TK--The first letter or letters
represent the General Subject Area--in this case, 'TK' stands
for Electrical Engineering; Electronics; Nuclear Engineering
5105.882--the
numbers in the second line of the call number represent a more
specific subject area--here, it stands for aspects of, or services
on the internet, browsers.
.M39--
Author or title. For this book, it stands for Maze, Susan.
1997--
Year of publication.
This
book is Authoritative
Guide to Web Search Engines
by Susan Maze.
E--The
General Subject Area is United States History
332--This
more specific subject area represents biographies of Thomas Jefferson.
.R196--This
stands for the Author's last name, in this case Randall.
1993--Year
of publication.
The
book is Thomas Jefferson: a life
by Willard Sterne Randall.
1. Read
the first line in alphabetical order:
A, B, BF, C, D, ...L, LB, LC, M, ML ...
2. Read
the second line as a whole number:
1, 2, 3, 45, 100, 1000, 2000, 2340 ...
3. The
third line is a combination of a letter and one or more numbers. Read
the letter alphabetically.

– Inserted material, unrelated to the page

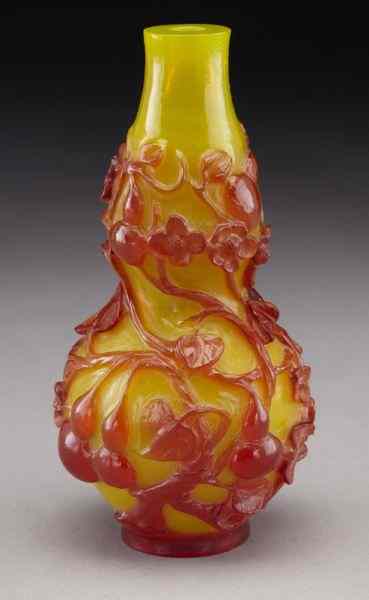 Appraisal: Chinese Qing Peking glass double gourd vasecarved to depict double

Read the number(s) as a decimal.
.C65 = .65 .C724 = .724
Example:
.B before .C -or- .34 before .55 -or- .554
before .63
Some
call numbers have more than one combination letter-number line.
Example:
RC 607 .A26 S56 1989
RC stands for internal medicine
607 .A26
stands for AIDS
S56 represents the author's last name--Silverstein
1989--the year of publication.
The
book is AIDS: deadly threat by Alvin Silverstein.
4. Read
the date chronologically:
1776, 1848, 1929, 1964, 1998, 2003
Some call numbers don't have dates, especially if it represents the
first edition of a work or if it was published before 1982 (that's
when the Library of Congress began requiring that the date be added
to the last line of all call numbers).